THE PHILIPPINE stock market has enough steam to allow its main stock barometer to exceed 8,600 by the end of the year, but like a cocktail party, it’s the last call for “happy hour,” the head of BPI Securities said.
In an interview, BPI Securities managing director Michaelangelo Oyson said the local market was fairly valued at 7,800 but downside risks were coming from the reversal of flows out of emerging markets and in to North Asia.
But the decline in prices arising from the exit of foreign funds would be an opportunity for investors to pick up stocks at lower prices.
“We’re in the last call for happy hour and the elections in 2016 will determine whether we move the happy hour to the main party or we will say the party is over,” Oyson said.
“The bull market is not yet over,” he said noting that local stock valuations were still below historical peak and the growth story was still intact.
He said the market was still supported by a strong underlying economy despite some weakness in consumption numbers.
Historically, consumption spending contributed 400 basis points of GDP but in the first quarter, it accounted for only 370 basis points, he said.

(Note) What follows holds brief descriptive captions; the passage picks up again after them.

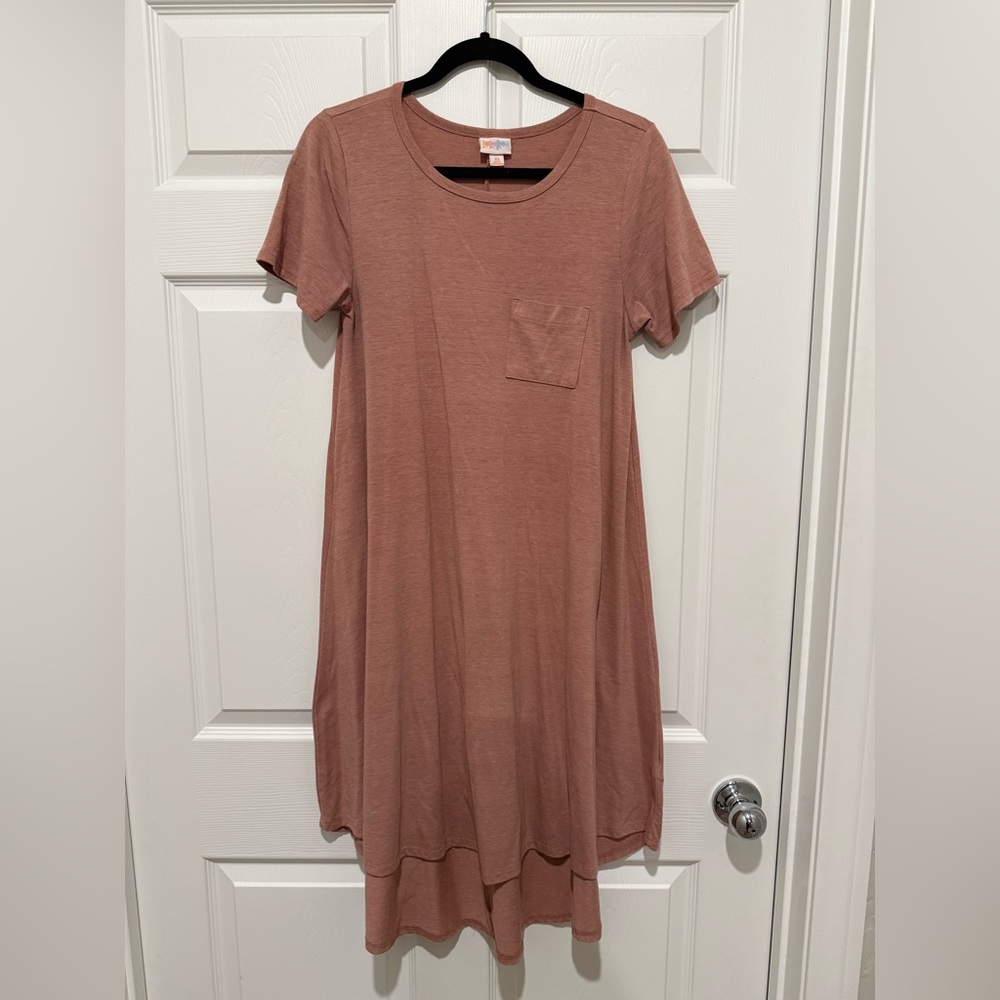 LuLaRoe Carly Swing Dress in Mauve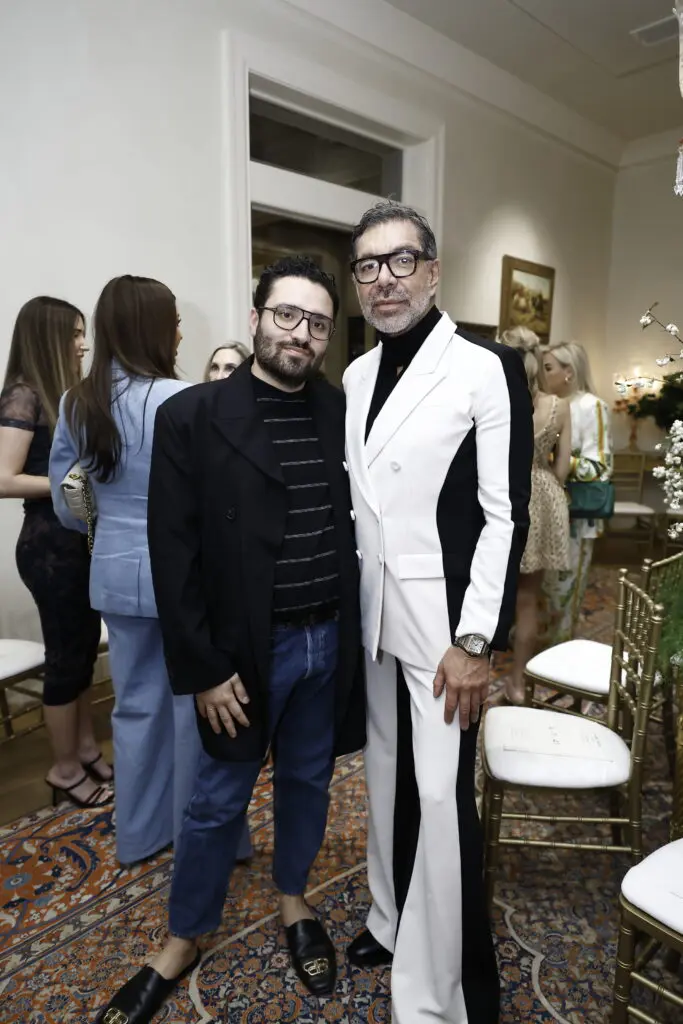 Amir Taghi, Ceron at the designer's trunk show in the family home in Tanglewood (Photo by Quy Tran)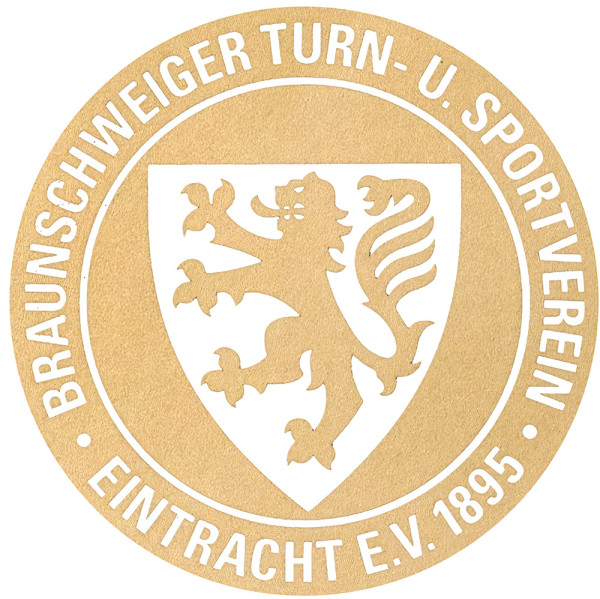 Eintracht Braunschweig Eintr. Braunschweig Aufkleber Traditionswapp gold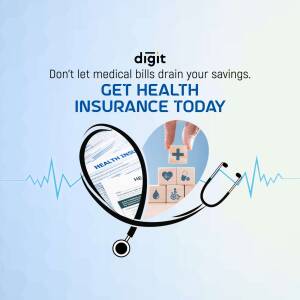 Image promoting health insurance to avoid draining savings on medical bills.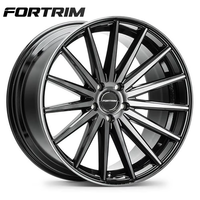 Jantes forgées multi-rayons FORTRIM 1 pièce 18 20 22 24 pouces 5x120 5x114.3 5x130 pour voitures particulières 911 Benz Maserati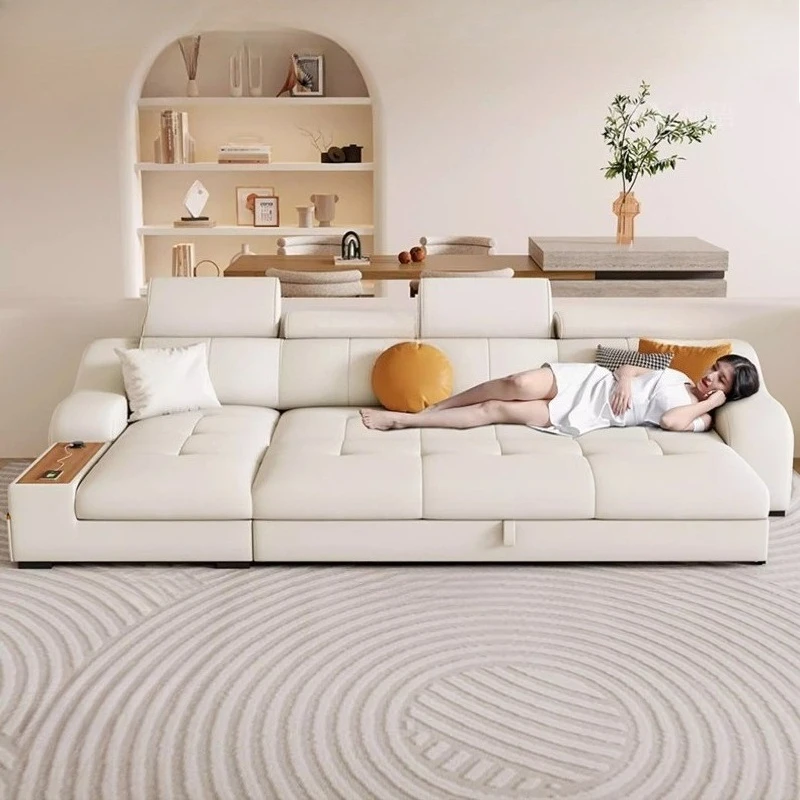 Modernes Luxus-Designer-Sofa im Nordischen Stil, Trendige Möbel, Neues Einzigartiges Wasserfestes Elektrisches Designer-Klappsofa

Toward the end of the year, as the market starts looking at the 2016 elections and starts factoring in corporate earnings for next year, Oyson said the fair value of the local stock barometer could exceed 8,500.
In a presentation to investors on Saturday, Oyson said the Philippine Stock Exchange index could advance to 8,200 to 8,600 by the end of the year.
One positive catalyst, he said, would be for the economy grow by least 6 percent in the quarters ahead.